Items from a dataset
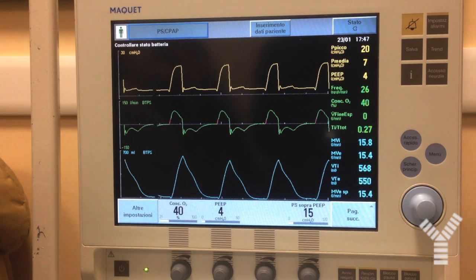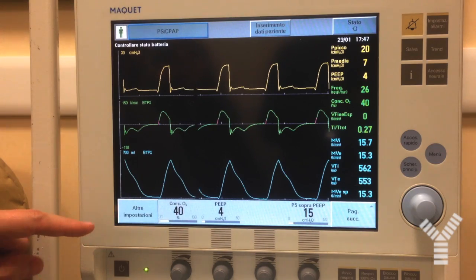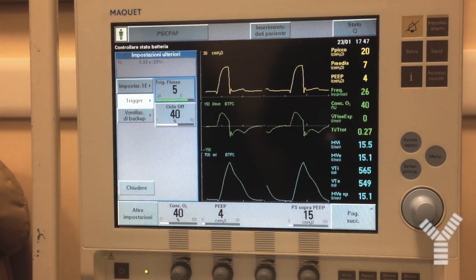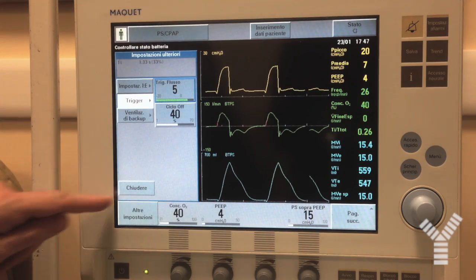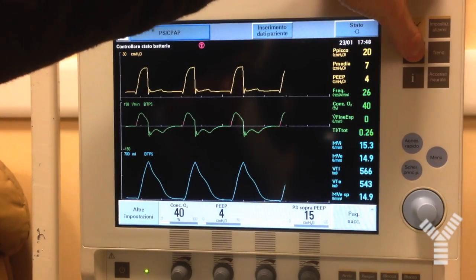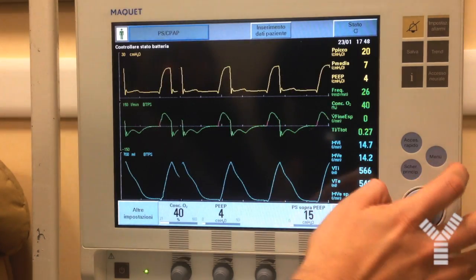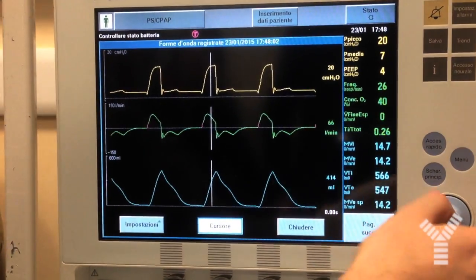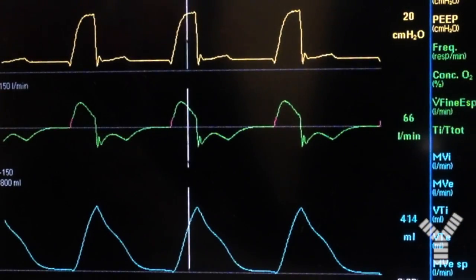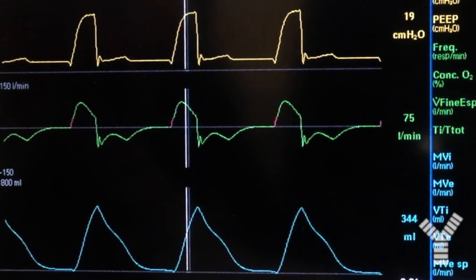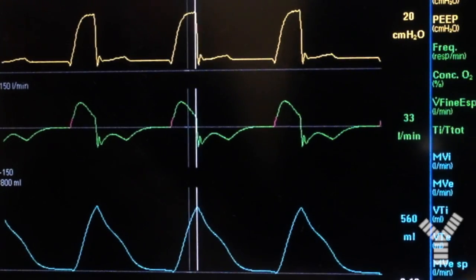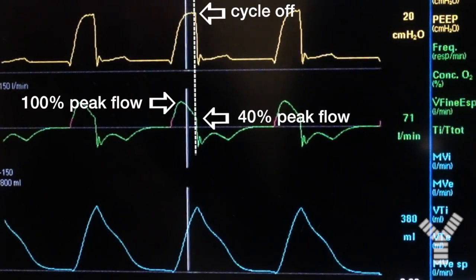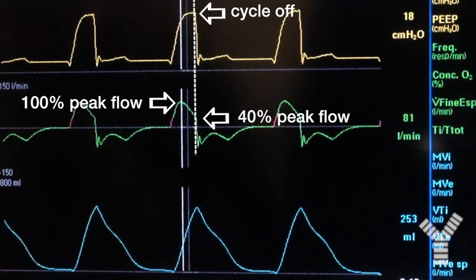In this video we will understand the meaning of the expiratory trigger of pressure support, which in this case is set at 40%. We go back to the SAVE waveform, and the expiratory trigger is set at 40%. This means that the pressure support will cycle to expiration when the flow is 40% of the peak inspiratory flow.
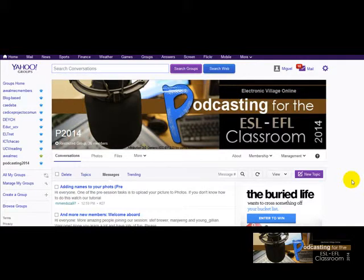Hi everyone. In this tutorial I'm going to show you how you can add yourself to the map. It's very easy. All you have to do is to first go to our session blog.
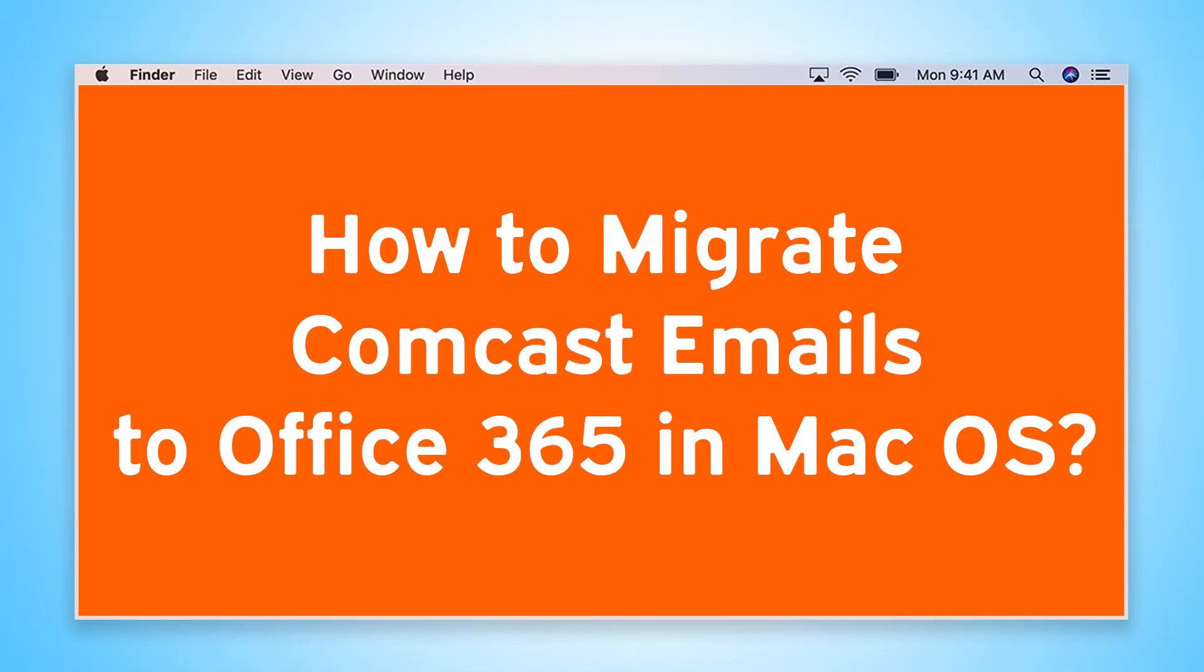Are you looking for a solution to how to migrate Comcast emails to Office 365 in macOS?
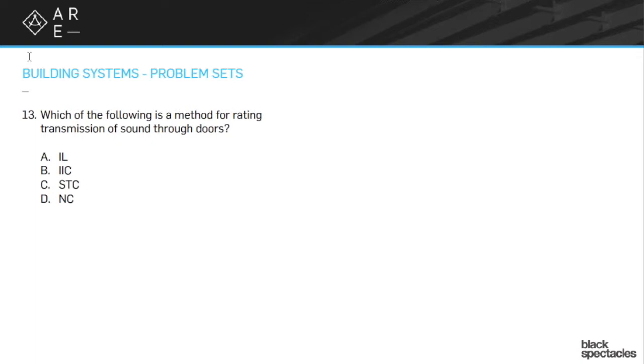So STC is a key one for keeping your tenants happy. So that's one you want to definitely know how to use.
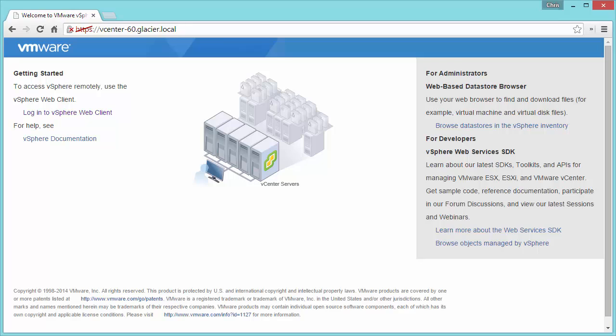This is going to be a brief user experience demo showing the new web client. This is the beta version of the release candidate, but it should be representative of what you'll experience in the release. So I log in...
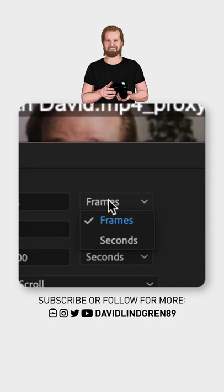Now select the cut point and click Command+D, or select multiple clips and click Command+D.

...

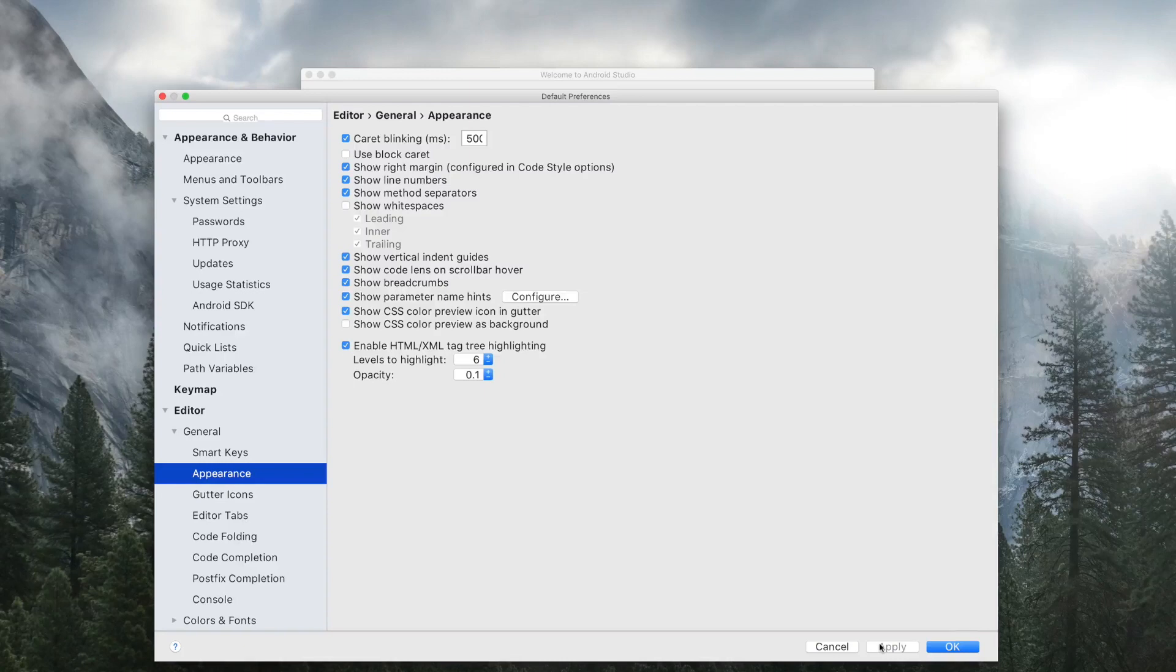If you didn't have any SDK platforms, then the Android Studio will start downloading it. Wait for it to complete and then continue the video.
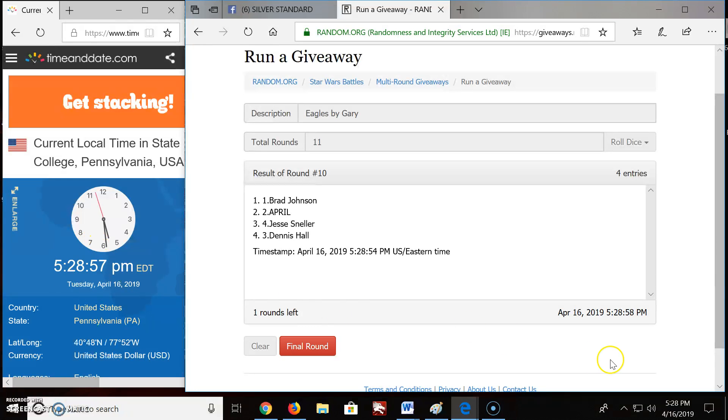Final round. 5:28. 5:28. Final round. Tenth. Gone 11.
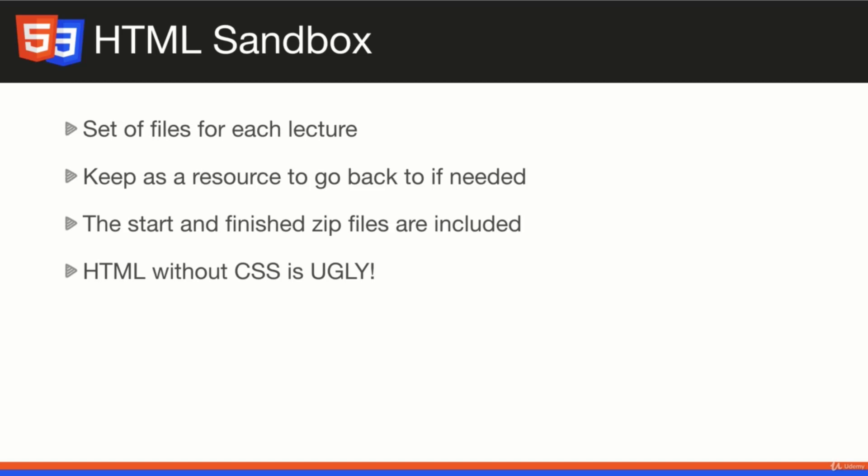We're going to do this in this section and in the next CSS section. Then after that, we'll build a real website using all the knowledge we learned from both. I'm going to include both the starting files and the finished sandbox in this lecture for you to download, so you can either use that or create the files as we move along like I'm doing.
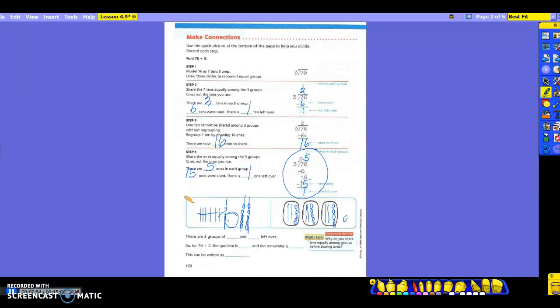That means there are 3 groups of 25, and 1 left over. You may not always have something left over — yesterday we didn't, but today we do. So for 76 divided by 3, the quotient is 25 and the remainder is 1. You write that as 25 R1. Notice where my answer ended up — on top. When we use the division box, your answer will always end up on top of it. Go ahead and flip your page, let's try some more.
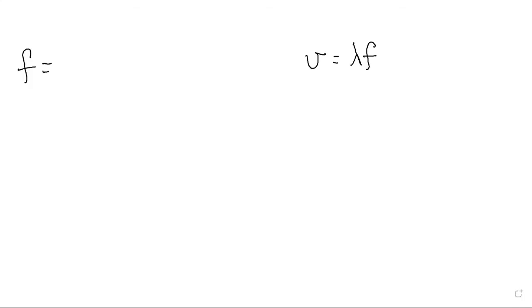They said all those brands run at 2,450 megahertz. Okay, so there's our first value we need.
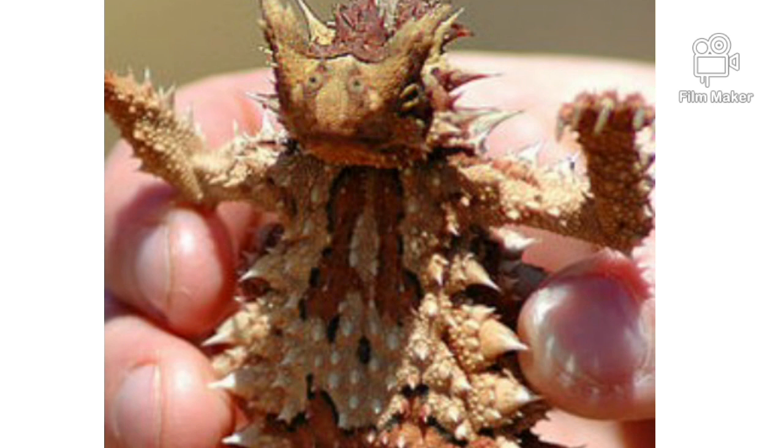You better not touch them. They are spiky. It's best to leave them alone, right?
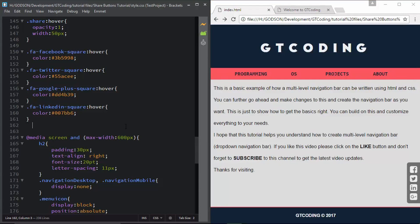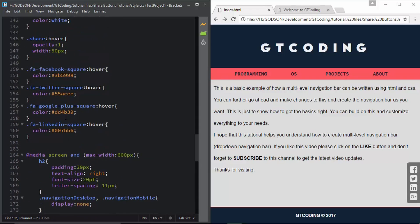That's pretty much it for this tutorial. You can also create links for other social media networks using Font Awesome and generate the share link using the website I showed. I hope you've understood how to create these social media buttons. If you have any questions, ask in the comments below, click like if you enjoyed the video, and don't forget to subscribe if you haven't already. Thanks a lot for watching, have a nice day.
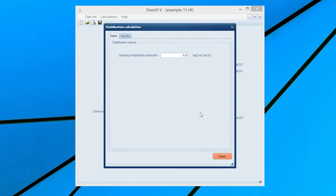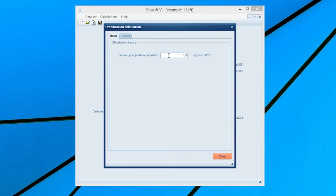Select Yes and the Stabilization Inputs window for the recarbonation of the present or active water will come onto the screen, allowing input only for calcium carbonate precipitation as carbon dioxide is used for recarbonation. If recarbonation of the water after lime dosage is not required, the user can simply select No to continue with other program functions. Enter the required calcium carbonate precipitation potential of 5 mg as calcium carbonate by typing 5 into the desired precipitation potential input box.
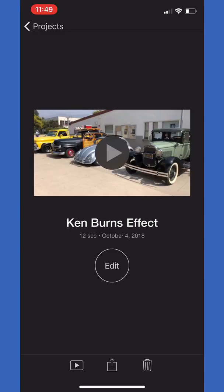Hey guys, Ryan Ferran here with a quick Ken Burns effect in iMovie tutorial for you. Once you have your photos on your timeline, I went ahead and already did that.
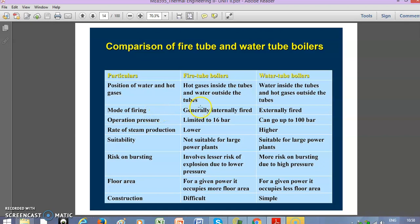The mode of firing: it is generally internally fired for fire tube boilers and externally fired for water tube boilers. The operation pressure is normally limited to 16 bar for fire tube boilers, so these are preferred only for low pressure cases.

--

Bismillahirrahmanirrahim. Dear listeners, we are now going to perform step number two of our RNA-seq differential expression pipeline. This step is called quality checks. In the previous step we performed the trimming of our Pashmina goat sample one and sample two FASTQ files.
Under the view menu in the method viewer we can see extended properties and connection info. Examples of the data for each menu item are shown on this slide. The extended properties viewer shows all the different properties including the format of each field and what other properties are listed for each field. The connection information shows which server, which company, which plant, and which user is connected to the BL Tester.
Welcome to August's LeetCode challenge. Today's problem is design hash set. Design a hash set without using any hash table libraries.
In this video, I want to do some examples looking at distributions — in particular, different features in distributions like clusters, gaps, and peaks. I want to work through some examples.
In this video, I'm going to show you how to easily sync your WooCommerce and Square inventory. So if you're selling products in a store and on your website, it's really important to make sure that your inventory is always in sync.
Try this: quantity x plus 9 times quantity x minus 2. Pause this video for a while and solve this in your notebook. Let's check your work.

Activity
Above are the records; copy from them only the lines starting at the one containing "Hey guys, Ryan" and ending at the one containing "The mode of", exactly and without pictures.

Output for this exercise
Hey guys, Ryan Ferran here with a quick Ken Burns effect in iMovie tutorial for you. Once you have your photos on your timeline, I went ahead and already did that.
The mode of firing: it is generally internally fired for fire tube boilers and externally fired for water tube boilers. The operation pressure is normally limited to 16 bar for fire tube boilers, so these are preferred only for low pressure cases.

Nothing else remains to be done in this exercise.